ARTOLIO presents olive tree varieties and why they matter, Issue 2 - Koroneiki Variety


To educate customers into the world of extra virgin olive oil production and its advantages for one’s personal health is one of the objectives of the ARTOLIO project. However, extra virgin olive oil is food, and food is meant to be enjoyed. Cultivars and organoleptic characteristics can only matter so much, because what truly makes olive oil unique is its taste, and how it can vary depending on the variety of olives used to procure it. It is a known fact among our peers that the differences in taste and the number of polyphenols provided in our olive oils come from the olive tree variety. This article explores the singularities of the Koroneiki variety, one of the most predominant varieties in Greece.

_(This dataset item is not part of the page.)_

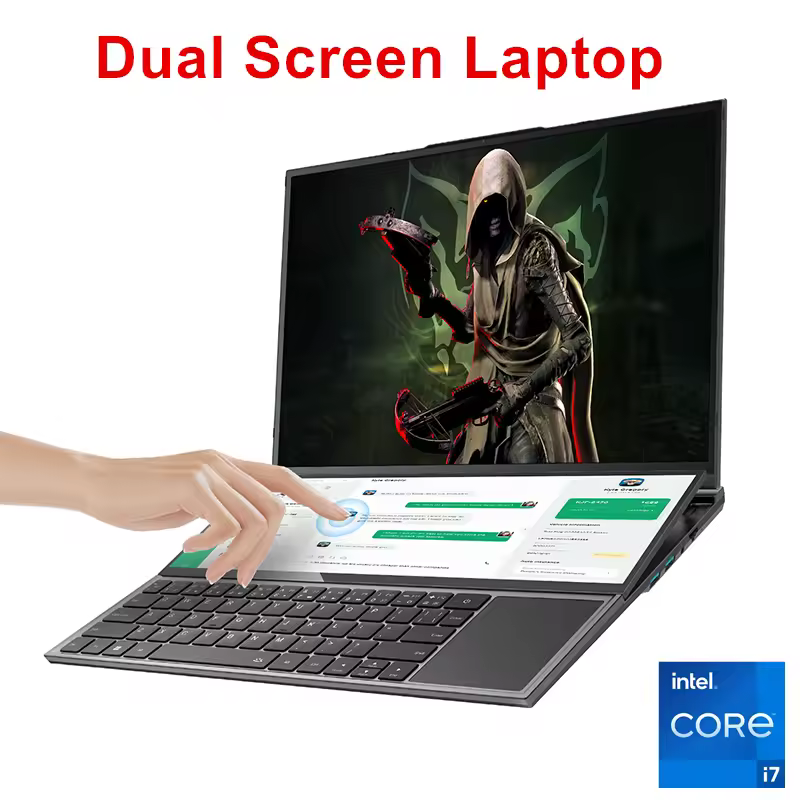 Topton Dual Screen Gaming Laptop 16 pollici IPS + 14 ''Touch Intel i9-10885H I7-10750H Max 64GB 4TB Slim Notebook Gamer PC Computer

The Koroneiki variety poses an interesting case. It is a Greek variety and was introduced in Cyprus around 1977. Both of which are regions where the project is stationed, meaning Koroneiki is one of the predominant varieties in ARTOLIO. It belongs to the small fruit varieties and is cultivated almost exclusively for olive oil production. It has good taste and aroma, with firm stability and shelf life. 

It is a productive tree, very prolific, since it bears fruit steadily with overproduction every second year. With little care and pruning, it can bear high quality olives every year. It is considered one of the best varieties for oil production for the same reason. 

The tree of Koroneiki is lateral, shrubby, takes a hemispherical shape and reaches a height of 8-10 meters with a diameter of 6-8 meters, if grown in fertile soil and irrigated. It enters production quickly (between 3-4 years) once planted. In winter and even when it is freezing, it has minimum requirements, so the tree, like the oil that results from it, has minimum requirements. 

It blooms in the last ten days of April and has abundant and stable flowering. The fruit is small, with one side slightly curved and has a small peak. It is a mid-early variety; so the fruit ripens between November and December. Maturation, though, is extended until January. The level of maturation is something to keep track of, since it affects the flavor of the extra virgin olive oil, as well as its color. Its oil content can reach from 15 to 27%, depending on the growing conditions. 

One of the nicest treats of Koroneiki is that it withstands drought and strong winds. It is not resistant to cold, however, so strong north winds can cause them some damage. In Cyprus, for instance, its cultivation under dry conditions has given moderate results. It does not grow easily at high altitudes and therefore its cultivation should be limited to areas with altitudes below 500 meters. It is used as a pollinator of many other varieties.